Task input:

———

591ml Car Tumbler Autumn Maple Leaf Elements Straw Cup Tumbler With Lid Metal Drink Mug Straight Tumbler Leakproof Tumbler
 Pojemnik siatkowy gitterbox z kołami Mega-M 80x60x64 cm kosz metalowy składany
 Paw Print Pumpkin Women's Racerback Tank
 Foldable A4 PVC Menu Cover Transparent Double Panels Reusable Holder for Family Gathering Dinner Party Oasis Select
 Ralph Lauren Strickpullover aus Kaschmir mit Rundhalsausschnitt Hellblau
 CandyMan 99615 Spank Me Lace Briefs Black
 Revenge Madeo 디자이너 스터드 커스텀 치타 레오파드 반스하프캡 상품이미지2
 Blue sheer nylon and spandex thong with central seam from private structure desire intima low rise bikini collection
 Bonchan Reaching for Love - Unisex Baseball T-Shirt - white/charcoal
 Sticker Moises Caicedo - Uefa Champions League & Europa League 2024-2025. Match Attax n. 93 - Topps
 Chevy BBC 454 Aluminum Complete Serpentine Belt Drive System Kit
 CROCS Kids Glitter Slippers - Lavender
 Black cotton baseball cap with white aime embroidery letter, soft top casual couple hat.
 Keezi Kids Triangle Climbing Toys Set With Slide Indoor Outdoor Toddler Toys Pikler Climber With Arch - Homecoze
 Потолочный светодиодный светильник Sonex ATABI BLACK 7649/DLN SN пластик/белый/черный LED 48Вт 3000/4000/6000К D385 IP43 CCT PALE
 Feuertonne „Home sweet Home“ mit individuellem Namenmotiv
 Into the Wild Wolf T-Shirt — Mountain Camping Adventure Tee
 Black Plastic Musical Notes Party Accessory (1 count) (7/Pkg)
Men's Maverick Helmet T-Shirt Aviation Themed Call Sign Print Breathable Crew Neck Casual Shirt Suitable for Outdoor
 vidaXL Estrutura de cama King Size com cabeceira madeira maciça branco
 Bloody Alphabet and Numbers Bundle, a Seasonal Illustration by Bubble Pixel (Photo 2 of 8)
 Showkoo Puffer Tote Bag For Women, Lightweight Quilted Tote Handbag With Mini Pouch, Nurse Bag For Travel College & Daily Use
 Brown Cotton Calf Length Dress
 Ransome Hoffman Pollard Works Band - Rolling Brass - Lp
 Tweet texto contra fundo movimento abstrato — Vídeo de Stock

———

Try it:
All of the material must appear again, exactly as given.

Answer section:
591ml Car Tumbler Autumn Maple Leaf Elements Straw Cup Tumbler With Lid Metal Drink Mug Straight Tumbler Leakproof Tumbler
 Pojemnik siatkowy gitterbox z kołami Mega-M 80x60x64 cm kosz metalowy składany
 Paw Print Pumpkin Women's Racerback Tank
 Foldable A4 PVC Menu Cover Transparent Double Panels Reusable Holder for Family Gathering Dinner Party Oasis Select
 Ralph Lauren Strickpullover aus Kaschmir mit Rundhalsausschnitt Hellblau
 CandyMan 99615 Spank Me Lace Briefs Black
 Revenge Madeo 디자이너 스터드 커스텀 치타 레오파드 반스하프캡 상품이미지2
 Blue sheer nylon and spandex thong with central seam from private structure desire intima low rise bikini collection
 Bonchan Reaching for Love - Unisex Baseball T-Shirt - white/charcoal
 Sticker Moises Caicedo - Uefa Champions League & Europa League 2024-2025. Match Attax n. 93 - Topps
 Chevy BBC 454 Aluminum Complete Serpentine Belt Drive System Kit
 CROCS Kids Glitter Slippers - Lavender
 Black cotton baseball cap with white aime embroidery letter, soft top casual couple hat.
 Keezi Kids Triangle Climbing Toys Set With Slide Indoor Outdoor Toddler Toys Pikler Climber With Arch - Homecoze
 Потолочный светодиодный светильник Sonex ATABI BLACK 7649/DLN SN пластик/белый/черный LED 48Вт 3000/4000/6000К D385 IP43 CCT PALE
 Feuertonne „Home sweet Home“ mit individuellem Namenmotiv
 Into the Wild Wolf T-Shirt — Mountain Camping Adventure Tee
 Black Plastic Musical Notes Party Accessory (1 count) (7/Pkg)
Men's Maverick Helmet T-Shirt Aviation Themed Call Sign Print Breathable Crew Neck Casual Shirt Suitable for Outdoor
 vidaXL Estrutura de cama King Size com cabeceira madeira maciça branco
 Bloody Alphabet and Numbers Bundle, a Seasonal Illustration by Bubble Pixel (Photo 2 of 8)
 Showkoo Puffer Tote Bag For Women, Lightweight Quilted Tote Handbag With Mini Pouch, Nurse Bag For Travel College & Daily Use
 Brown Cotton Calf Length Dress
 Ransome Hoffman Pollard Works Band - Rolling Brass - Lp
 Tweet texto contra fundo movimento abstrato — Vídeo de Stock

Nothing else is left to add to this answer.